From: Martin Bene (mb@sime.com)
Date: Tue Sep 26 2000 - 15:02:52 EST


Hi Albert,

> See the Signal 11 FAQ... you can start with:
>
> 1. make sure the memory in bank 4 is properly seated
> 2. make sure your case is cool enough inside
> 3. make sure your power supply is good
> 4. try new RAM
> 5. try a new motherboard

Memory: ECC Mem in all banks, status:

[root@delphi1 log]# cat /proc/ram
Chipset ECC capability : ECC detection and correction
Current ECC mode : ECC detection and correction
Bank Size Type ECC SBE MBE
0 128M SDR Y 0 0
1 128M SDR Y 0 0
2 128M SDR Y 0 0
3 128M SDR Y 0 0
Total 512M

So memory problems seem to be out. (kernel did not panic on machine check
exception, so machine is still up after reported exception)

Temperature / power:

[root@delphi1 log]# sensors
w83781d-isa-0290
Adapter: ISA adapter
Algorithm: ISA algorithm
VCore 1: +1.60 V (min = +1.56 V, max = +1.72 V)
VCore 2: +1.61 V (min = +1.56 V, max = +1.72 V)
+3.3V: +3.44 V (min = +3.13 V, max = +3.45 V)
+5V: +4.99 V (min = +4.72 V, max = +5.24 V)
+12V: +11.86 V (min = +11.36 V, max = +12.58 V)
-12V: -11.51 V (min = -11.13 V, max = -12.55 V)
-5V: -4.88 V (min = -4.74 V, max = -5.24 V)
CPU-Fan: 4623 RPM (min = 3000 RPM, div = 2)
MB temp: +34 C (limit = +60 C, hysteresis = +50 C)

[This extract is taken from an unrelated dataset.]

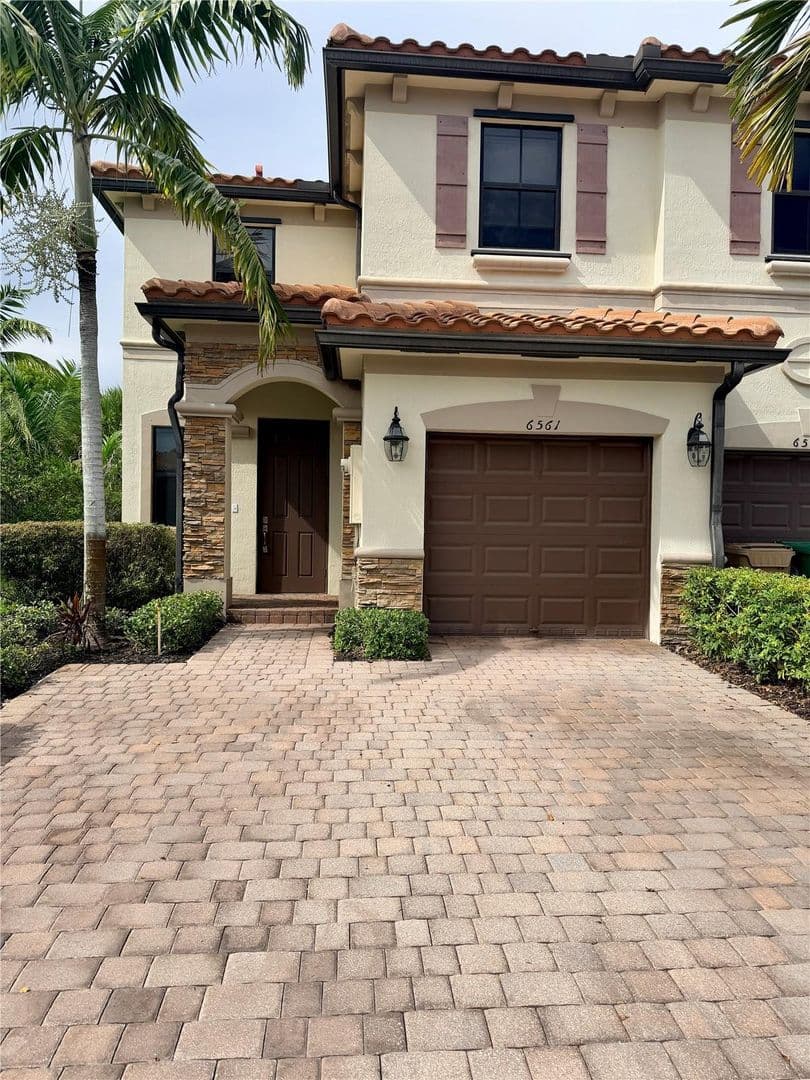 Davie House: 6561 N Anise Court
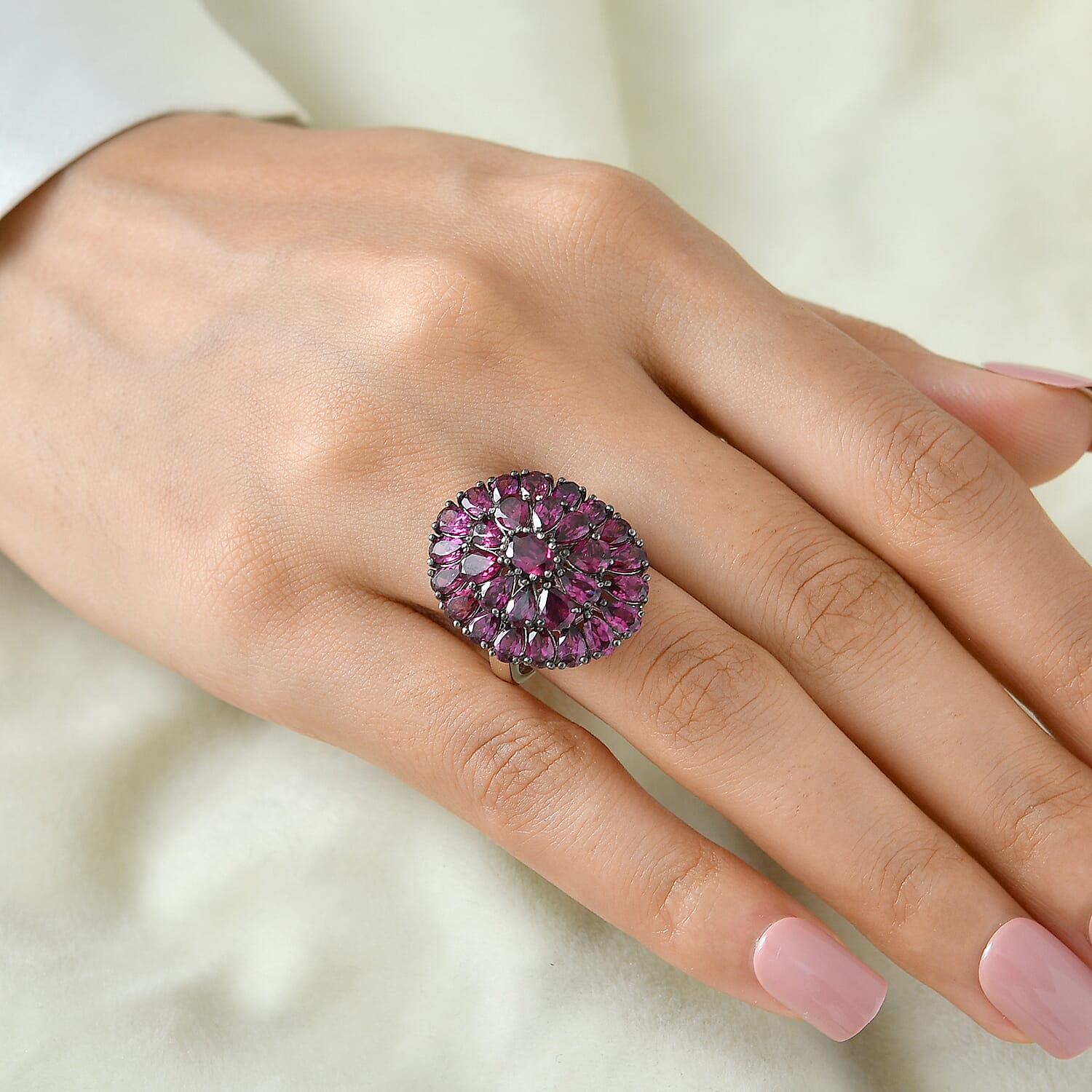 D'Joy Premium Orissa Rhodolite Garnet 8.70 ctw Berry Royale Ring in Rhodium Over Sterling Silver (Size 5.0)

Looks OK as well, no peaks / anomalys reported for the time of the error as
well. System is running with 1 case fan, 1 fan for the hd's and one for the
power supply.

Leaves faulty CPU or motherboard; I've got 4 identical systems, this is the
first strange message reported so far on any of them.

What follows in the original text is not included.